Despite a great deal of recent concern, moderate amounts of "screen time" – how much time they spend using technology with screens, such as computers, TVs, and smartphones – is not harmful and may, in some cases, be beneficial to young people's mental wellbeing, according to a new study.
The research, published today in the journal Psychological Science, looked at the screen habits of 120,000 English 15-year-olds, breaking it down into watching TV and movies, playing video games, using computers, and using smartphones.
It found, for example, that teenagers who watched TV for four hours a day on weekdays, or seven hours a day at weekends, on average scored the same on a measure of mental wellbeing as those who watched none at all. The findings were similar for recreational computer use, while those who played video games for up to six hours on a weekday (and longer on a weekend) showed no ill effects. For smartphones, it was shorter, about two and a half hours on weekdays and three hours at weekends.
What was noteworthy, however, was that teenagers who used the technologies for less than the times just quoted actually scored slightly higher on the mental wellbeing measure than those who didn't use them at all.
When teenagers played or watched for longer, the study found that mental wellbeing started to decline.

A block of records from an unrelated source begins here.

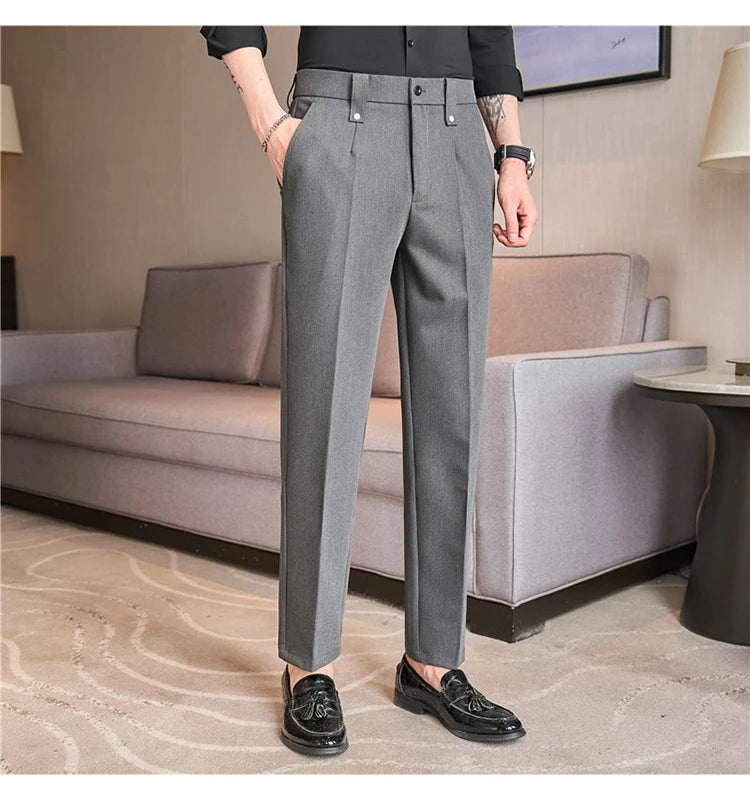 Mens Suit Pants 2025 Autumn New British Style Elastic Waist Solid Casual Formal Dress Pants Slim Fit Trousers for Men Clothing Good Vibrations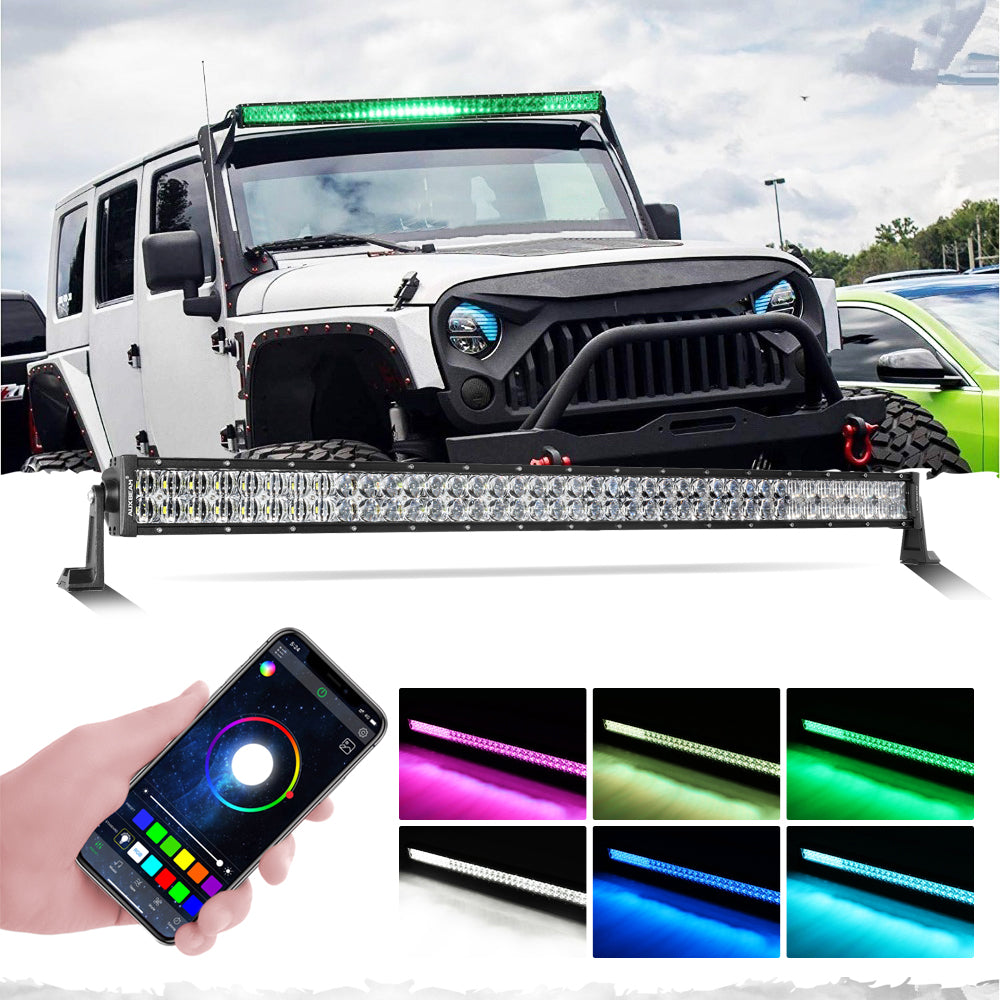 Auxbeam® 42 Inch Off Road Straight Led RGB Light Bar for Pickup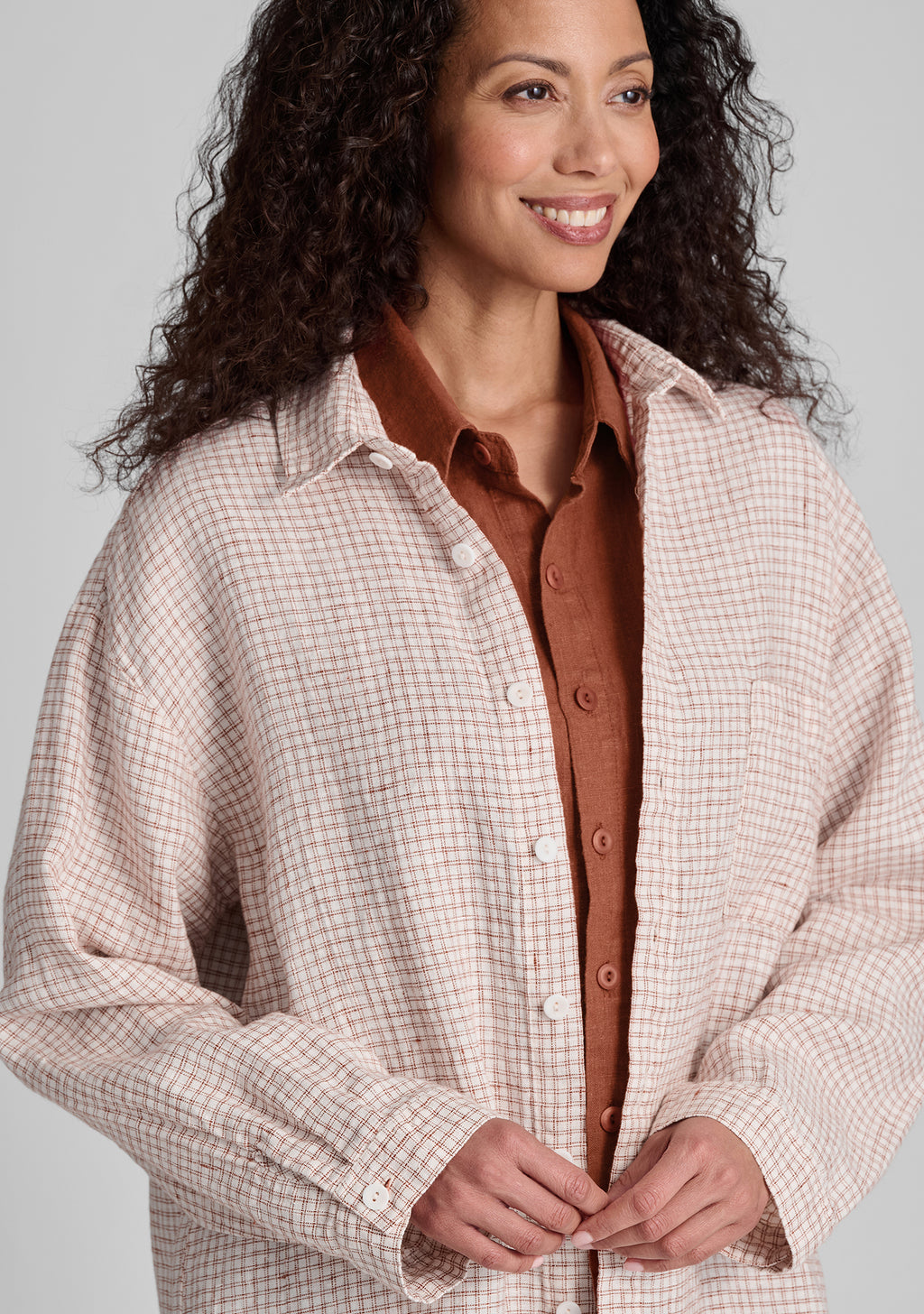 whole shirt linen button down shirt details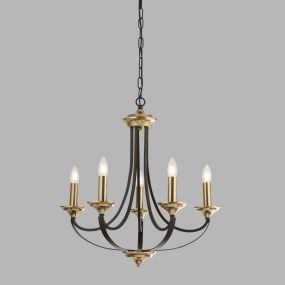 Searchlight Belfry - lustre - Ø 58 x 150 cm - bronze et brun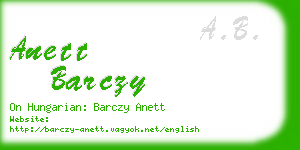 anett barczy business card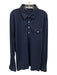 Criquet Size XL Navy Blue Cotton Solid Polo Men's Long Sleeve Shirt Navy Blue / XL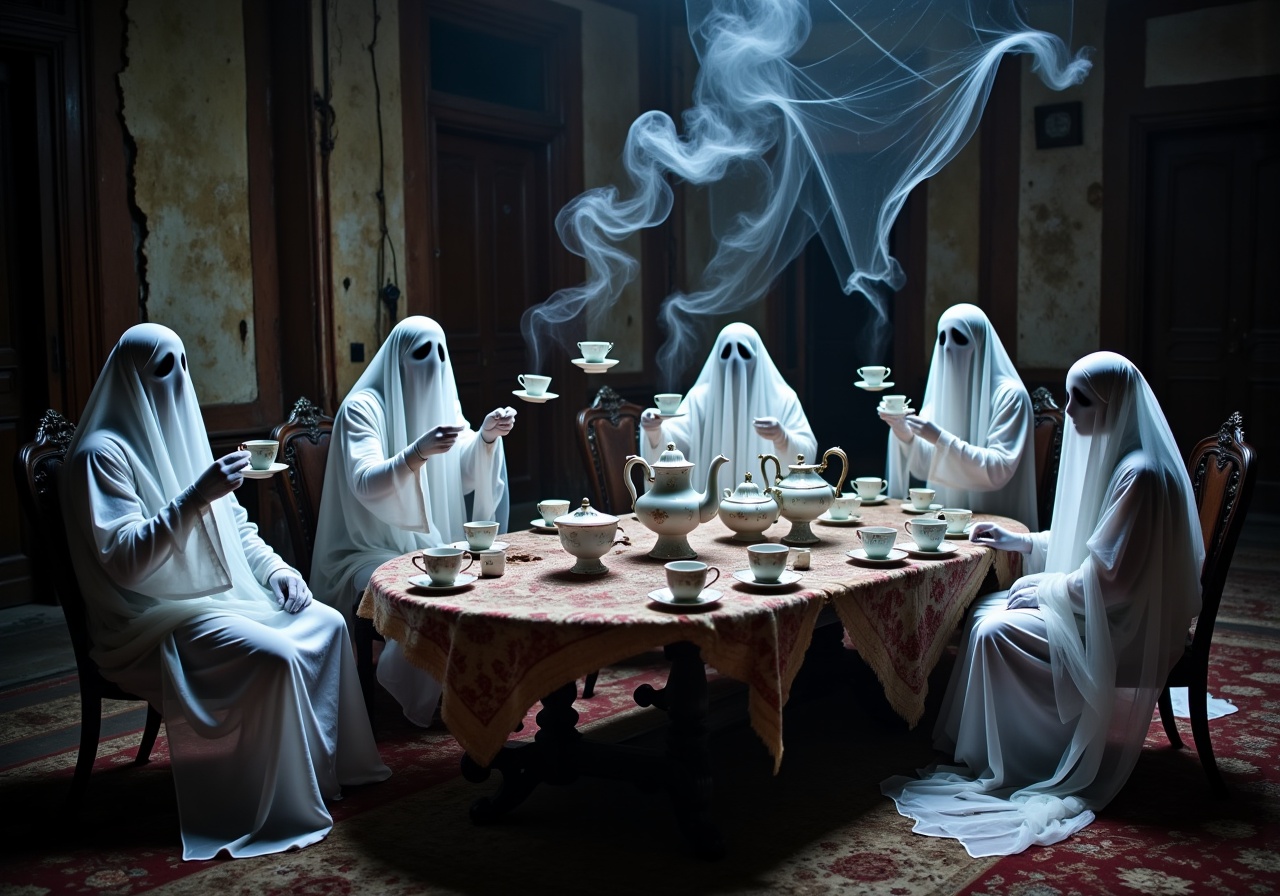 A ghostly tea party: Transparent figures sit around a table in a decaying mansion,  their delicate movements barely distur...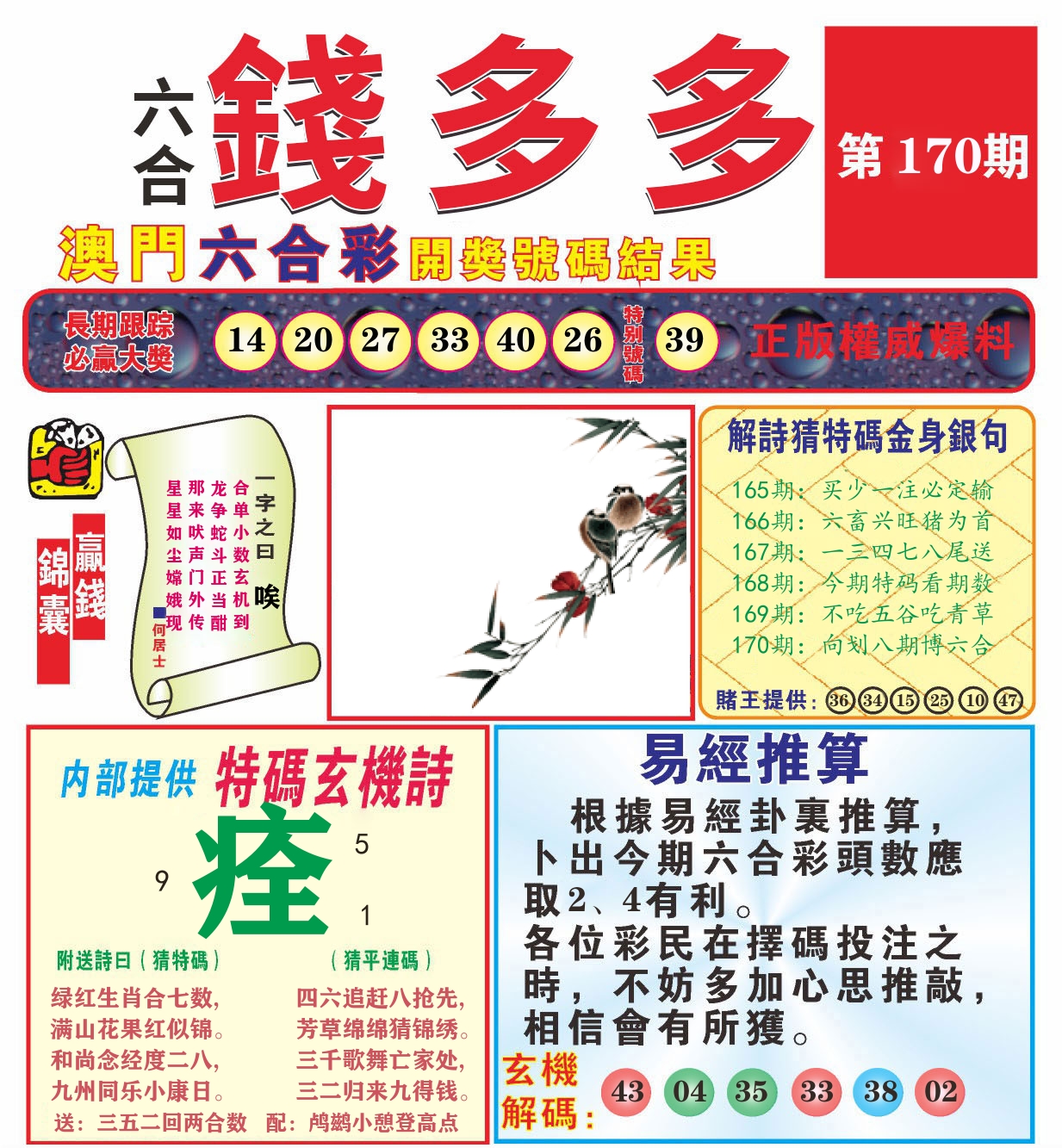 澳门钱多多B 第170期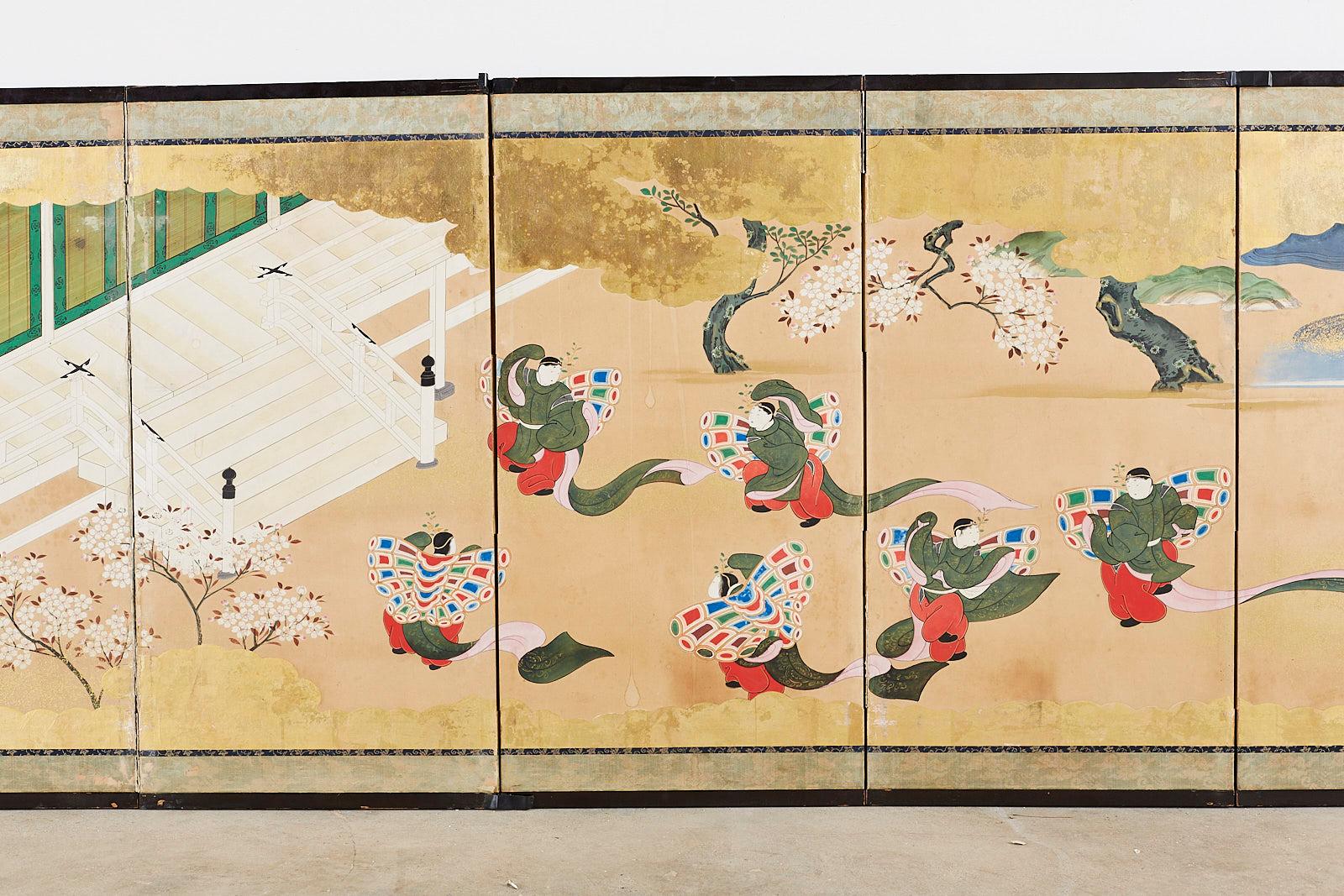Etched Japanese Meiji Eight-Panel Tale of Genji Screen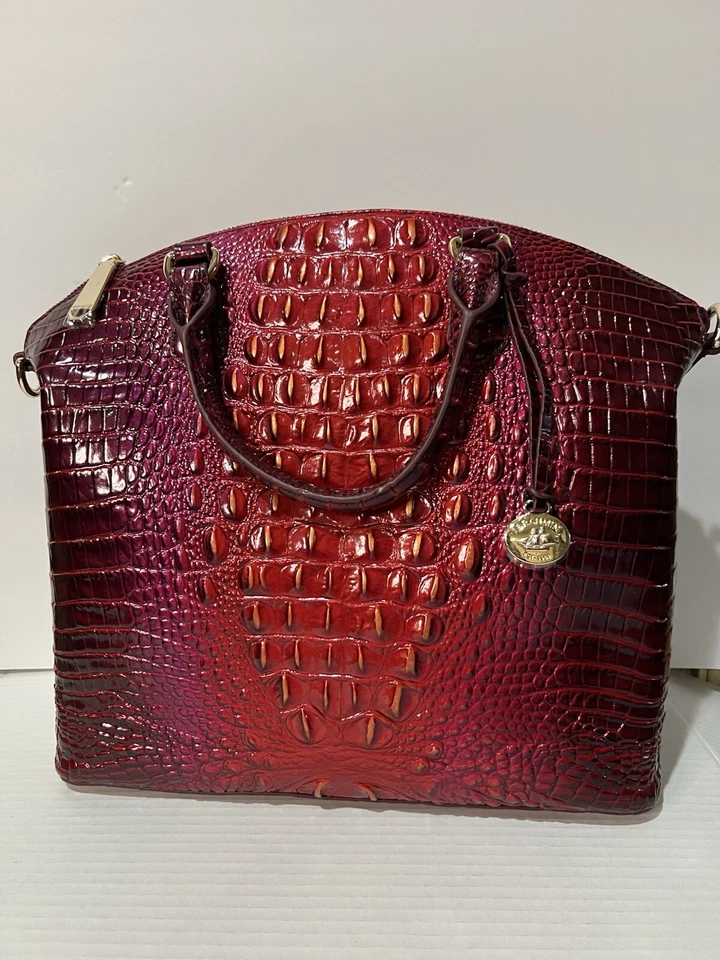 Nuevo con etiquetas Brahmin 40 Aniversario Grande Rojo Rubí Ombré Duxbury #2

However, this effect was small. "Even at exceptional levels, we’re talking about a very small impact," Dr Andrew Przybylski, a psychologist at Oxford University and one of the study's authors, told BuzzFeed News. "It’s about a third as bad as [the effect on wellbeing of] missing breakfast or not getting eight hours' sleep."
Dr Pete Etchells, a psychologist at Bath Spa University who did not work on the study, told BuzzFeed News that the work is "a really nice study for a lot of reasons".
"'Screen time' is usually a bit pointless as a measure," he said. "It loses so much nuance, and this study is trying to break it down a bit, by TV and video games and so on, and the really simple idea of breaking it down by weekend vs weekday."
He said that the public debate usually focused on the idea that the more people use "screens", the worse it is for their health. "There's more and more data showing that that's simplistic," he said.
Both Etchells and Przybylski stressed that the study did not prove that screen time caused either the positive or negative effects, just that the two were linked. "It’s very difficult to infer a causal direction [from this kind of study]," said Etchells. "It could be, if you see a negative correlation, that screen time causes a reduction in wellbeing, or it could be that people who are experiencing a drop in wellbeing turn to their smartphones more often."
To be sure about what causes what, he said, you'd need to do a randomised control trial, "and you'd need huge sample sizes and lots of money".
He also praised the study for its rigour and openness. Science in general and psychology in particular has been undergoing a "replication crisis" recently, in which the findings of many influential studies have been called into question when other scientists were unable to reproduce them.
Part of the problem has been that some studies change what they are looking for after the data comes in, which makes it easier to find apparently significant results. Some researchers, including Przybylski, have been campaigning for studies to register their hypotheses and methods in advance, to avoid this "bait-and-switch". The screen time study was preregistered, and all its data has been made available online. "That's exactly what this area of science needs," said Etchells.
The perils of "screen time" have been in the news lately. Over Christmas, a group of prominent educators and scientists wrote to The Guardian calling for "national guidelines on screen use". Another group, including Etchells and Przybylski and the Harvard professor Steven Pinker, wrote a few days later, saying that the first letter's arguments were "simplistic", "divisive", and "scaremongering" and calling for any guidelines to be "based on evidence, not hyperbole and opinion".
"It goes back to this idea that as screen time increases, physical activity decreases," says Etchells, "and there’s a lot of research that shows they’re unrelated. It’s a more complex story."